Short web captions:
----------

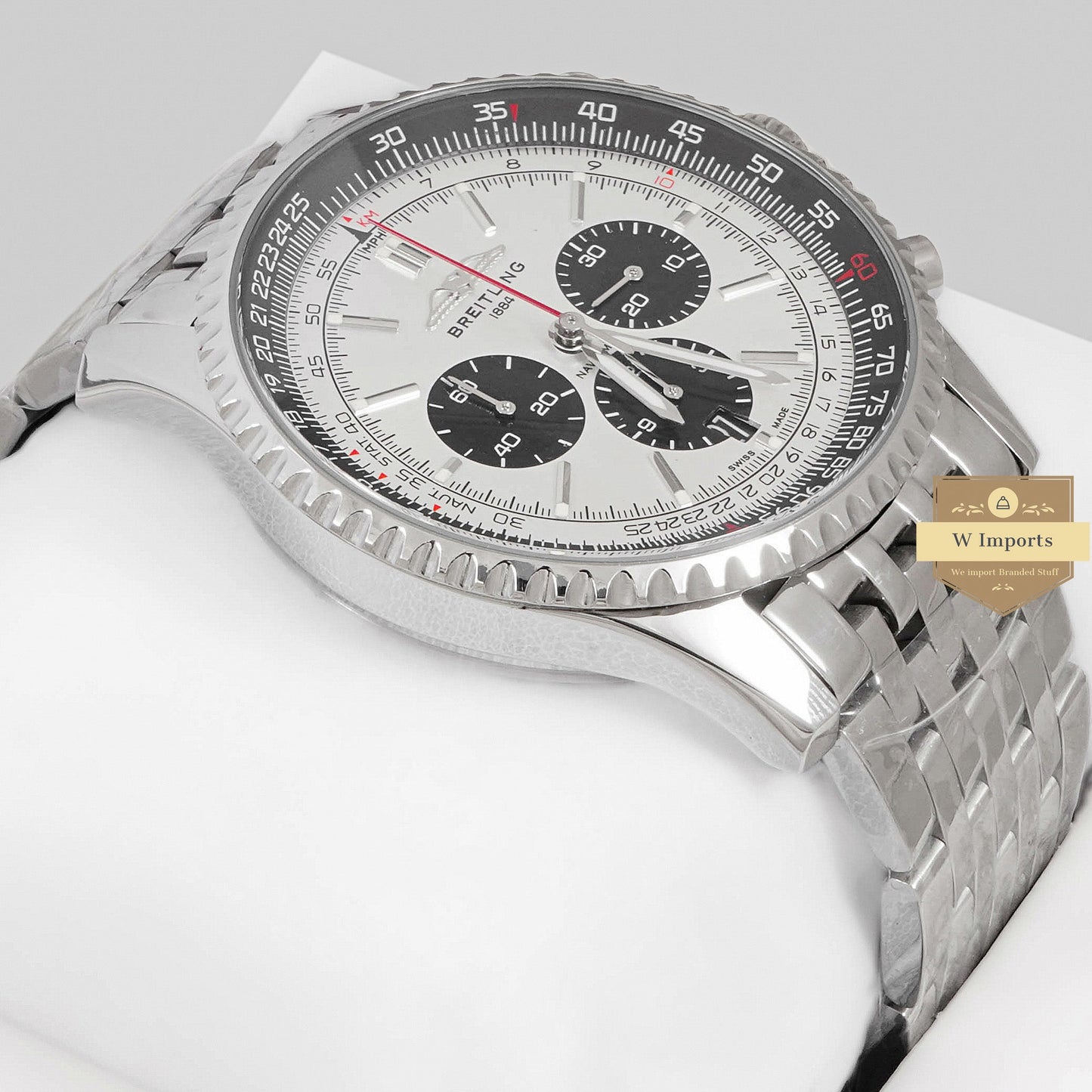 LATEST COLLECTION CHRONOGRAPH ALL SILVER WITH DIAL CHAIN WATCH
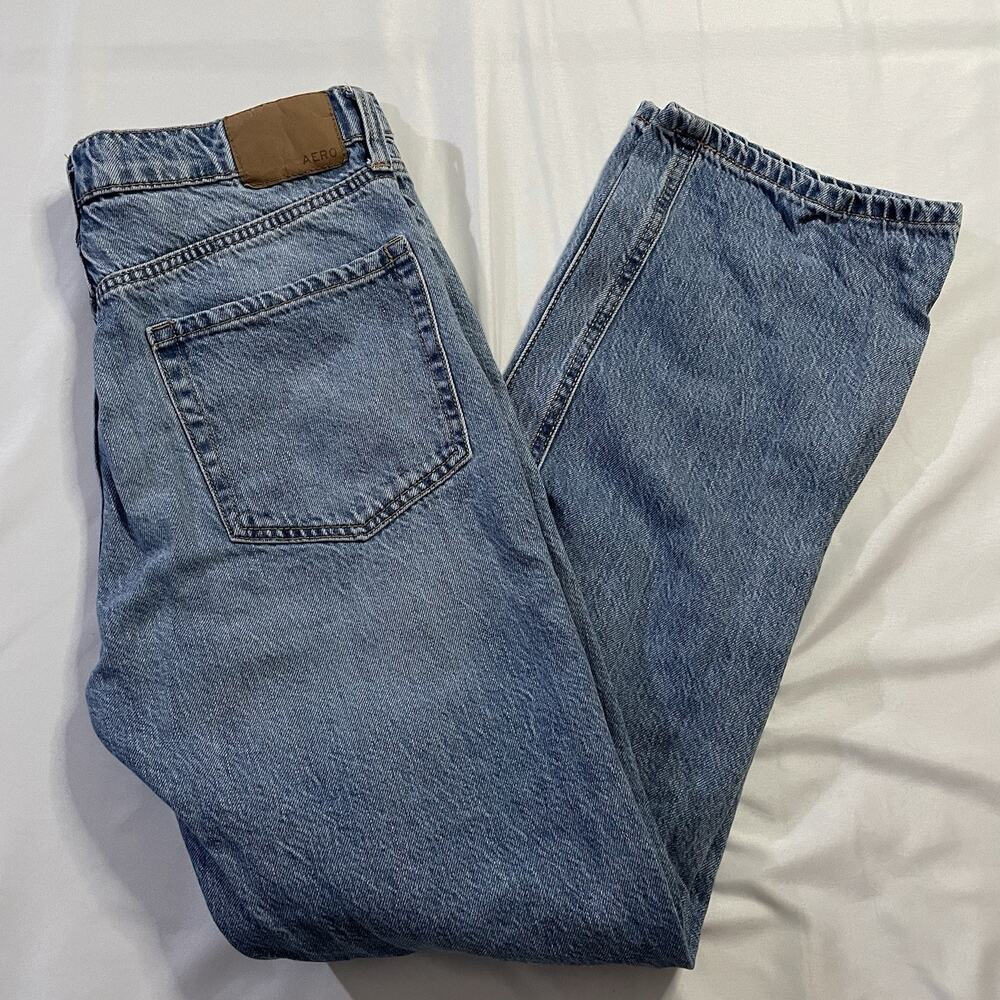 Aeropostale 90s Baggy Super High Rise Jeans Size 10 Medium Wash Distressed‎ 8260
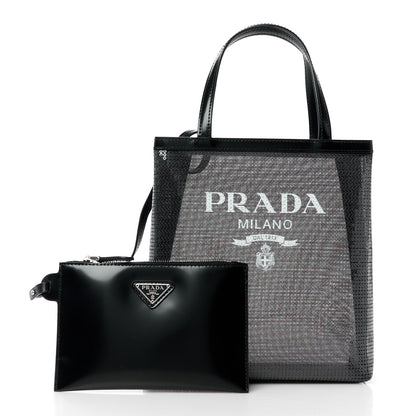 Prada Sequin Rete Paillettes Small Tote Bag Black 3 of 13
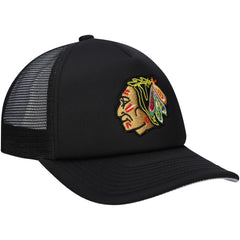 Chicago Blackhawks Mitchell & Ness Youth Core Trucker Adjustable Hat - Black | NHL on sale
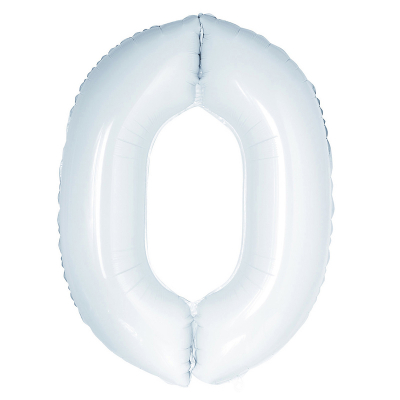 86cm 34 Inch Gaint Number Foil Balloon White 0 Inflated with Helium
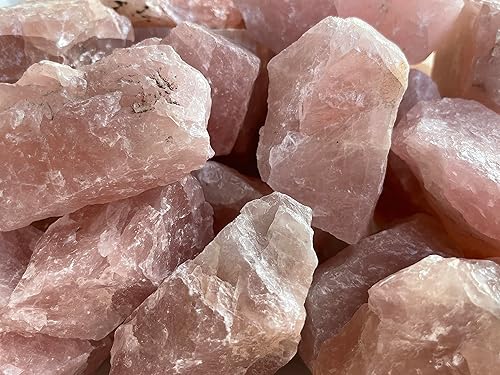 Miniatura 7 de Piedras naturales ásperas de cuarzo rosa grande, cuarzo rosa crudo de 2.5-4 pulgadas, cuarzo rosa, piedra de amor, cristales curativos, 0.25-2 libras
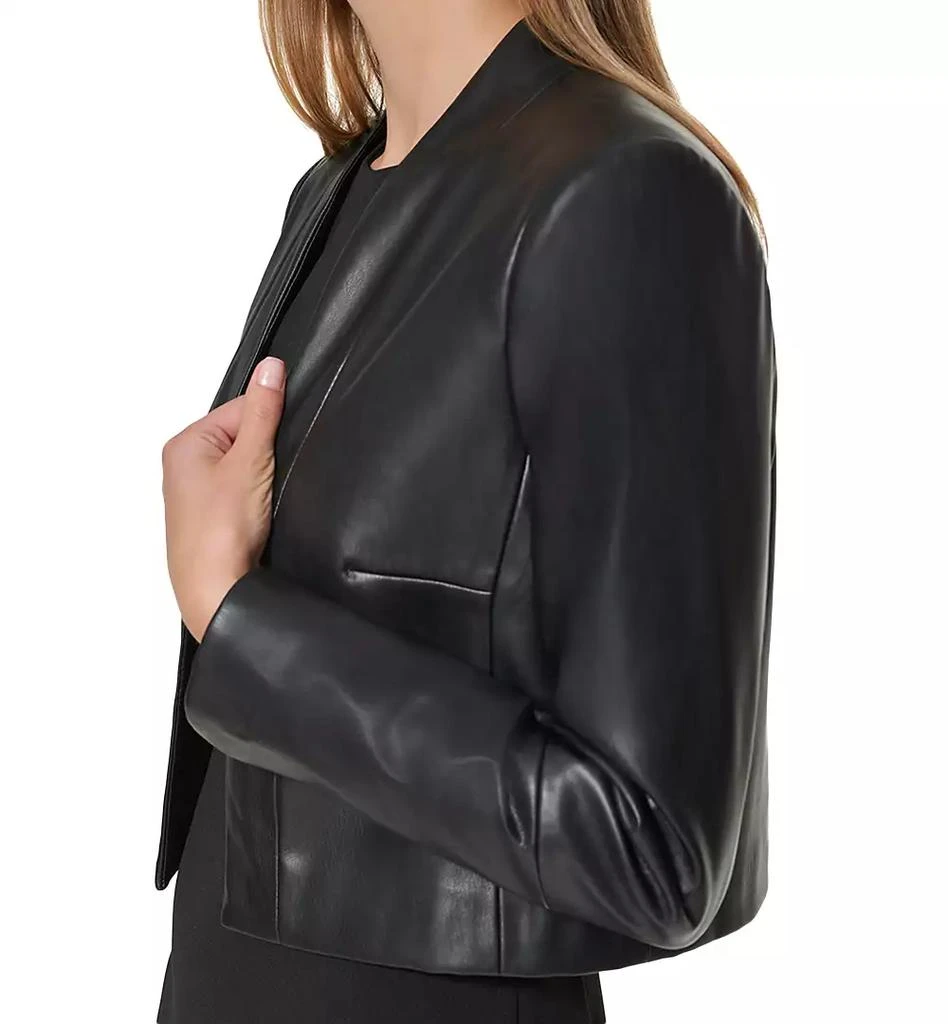 Calvin Klein Women's Faux-Leather Shrug 4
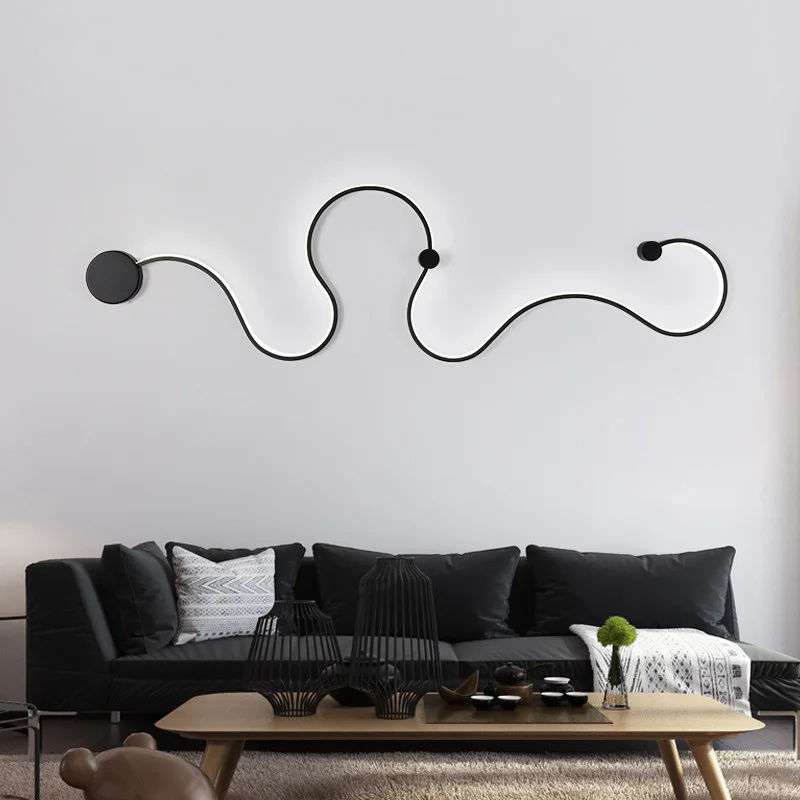 Nordic LED Snake Shaped Wall Lamp Modern Linear Light Rail Light Creative Restaurant Lights Living Room Exhibition Hall Decor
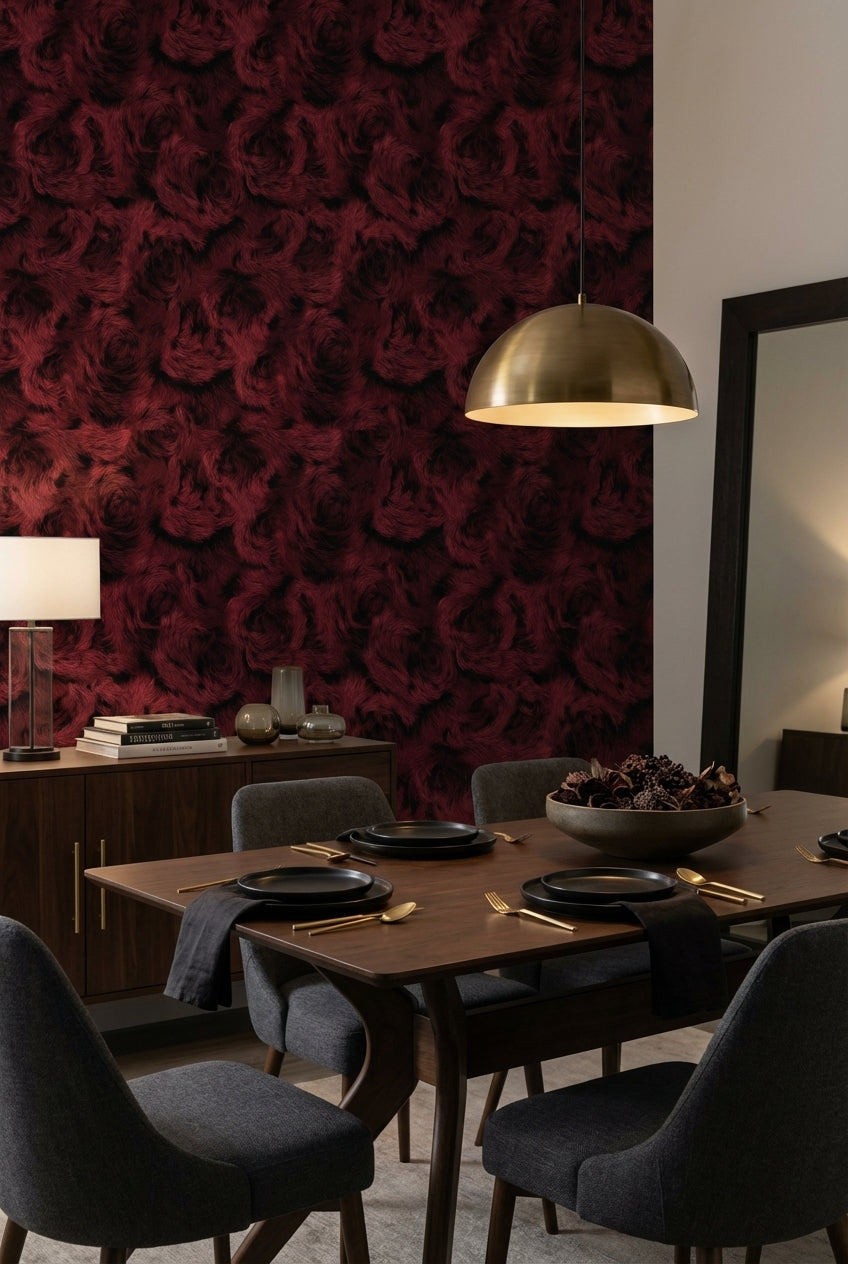 Bordo Gül Desenli Duvar Kağıdı Koyu Ton Salon Dekoru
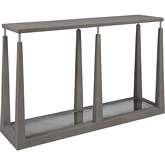 Ascension Console Table in Gray Faux Shagreen, Antique Mirror & Stainless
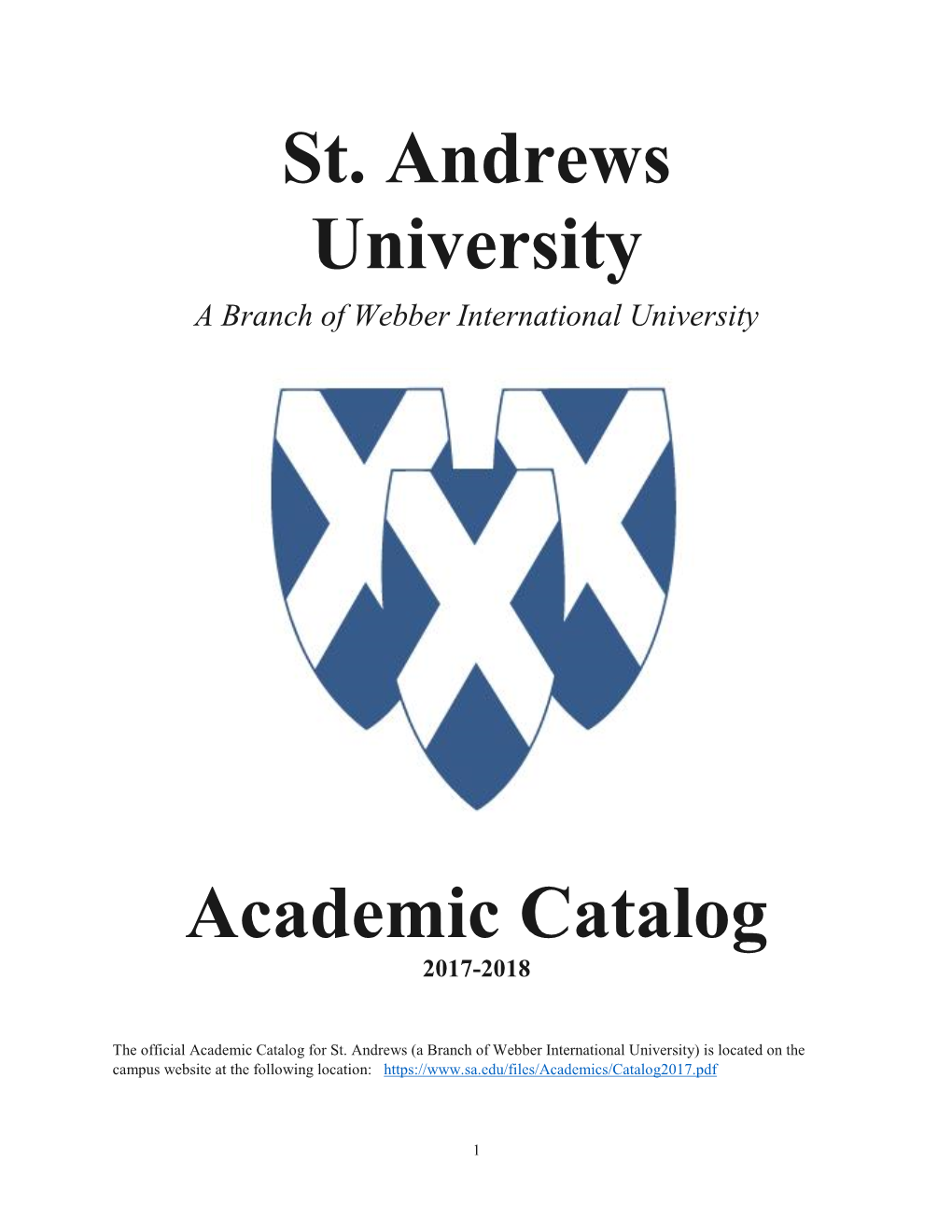 St. Andrews University Academic Catalog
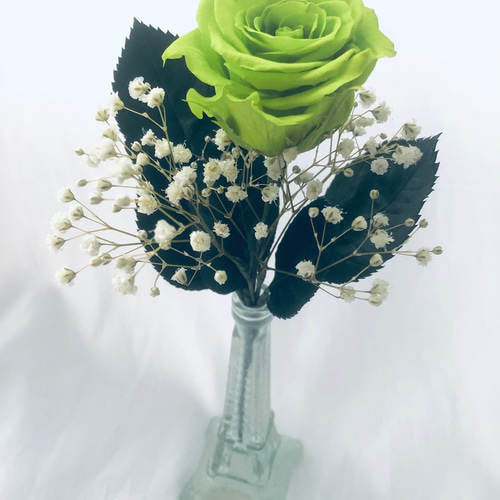 プリザーブドフラワー　かすみ草　ウェディング　ドライフラワー プリザーブドフラワー／緑色の薔薇とかすみ草のふんわり一輪ラッピング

----------

Print only the lines from the first line of the data above through the one containing "Prada Sequin Rete", exactly as they are, with pictures omitted.

 LATEST COLLECTION CHRONOGRAPH ALL SILVER WITH DIAL CHAIN WATCH
 Aeropostale 90s Baggy Super High Rise Jeans Size 10 Medium Wash Distressed‎ 8260
 Prada Sequin Rete Paillettes Small Tote Bag Black 3 of 13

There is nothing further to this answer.